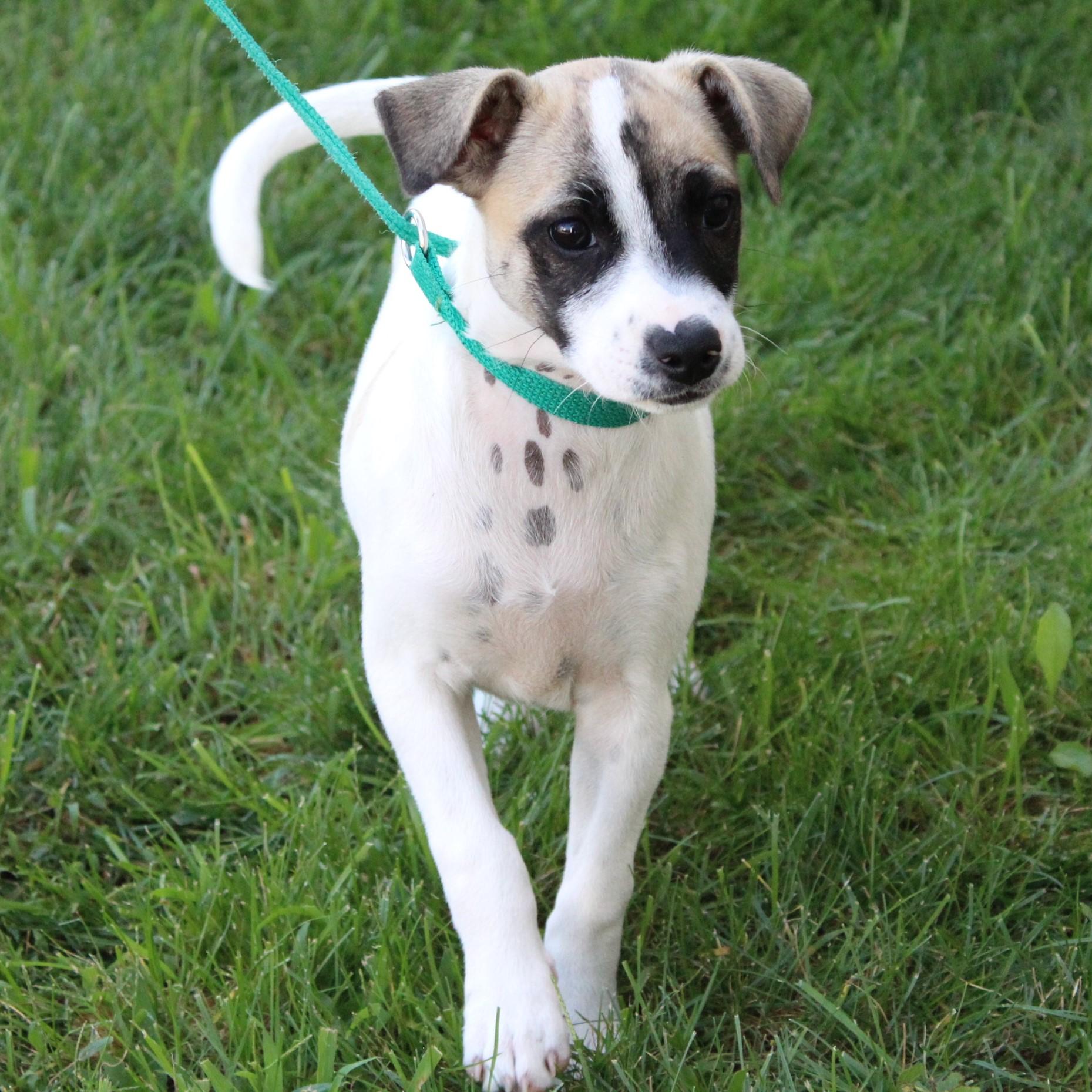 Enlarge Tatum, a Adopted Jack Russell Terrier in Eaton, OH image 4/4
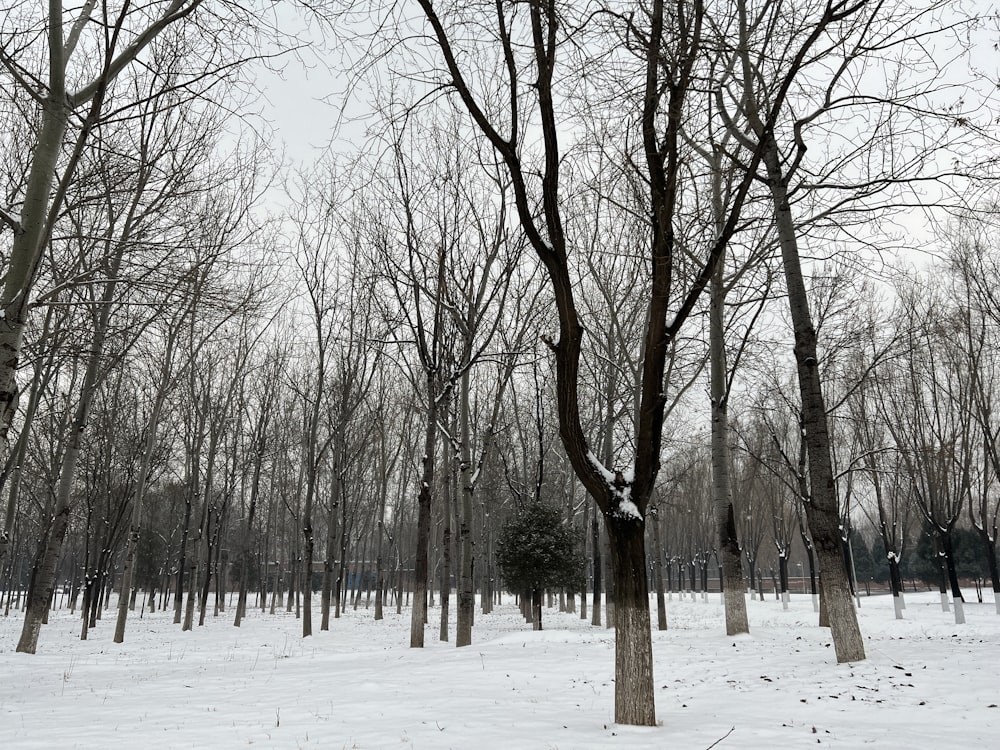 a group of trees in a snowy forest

==

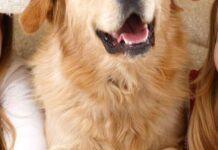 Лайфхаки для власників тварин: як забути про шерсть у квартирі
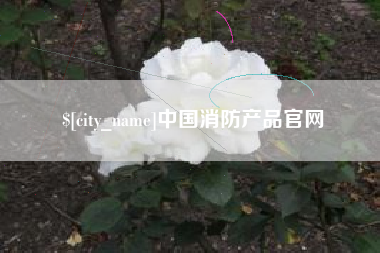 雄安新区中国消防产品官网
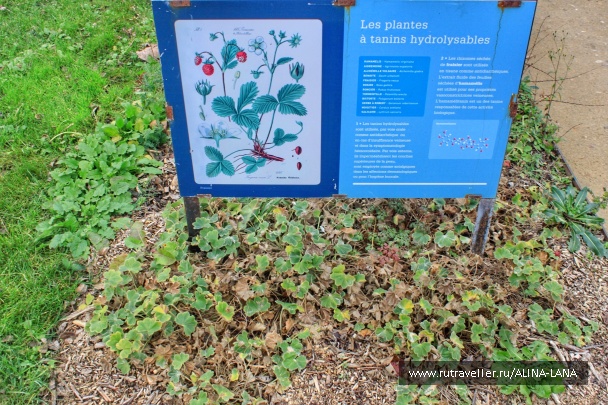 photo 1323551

--

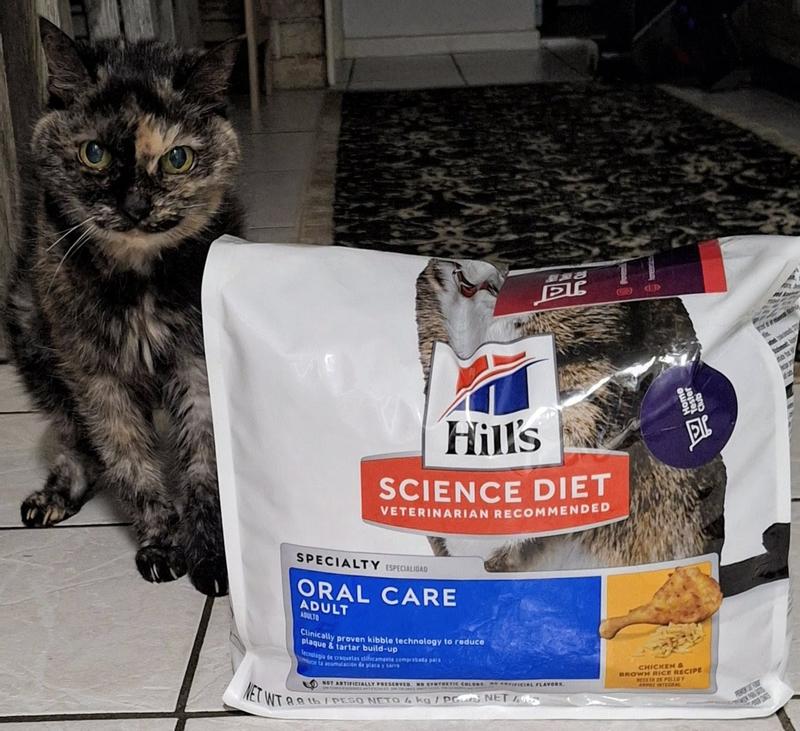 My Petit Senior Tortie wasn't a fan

## [Task statement]
From the data above, retype only the lines starting with the line with "Лайфхаки для власників" and going on through the line with "photo 1323551", exactly, leaving out the pictures.

## [Written solution]
 Лайфхаки для власників тварин: як забути про шерсть у квартирі
 雄安新区中国消防产品官网
 photo 1323551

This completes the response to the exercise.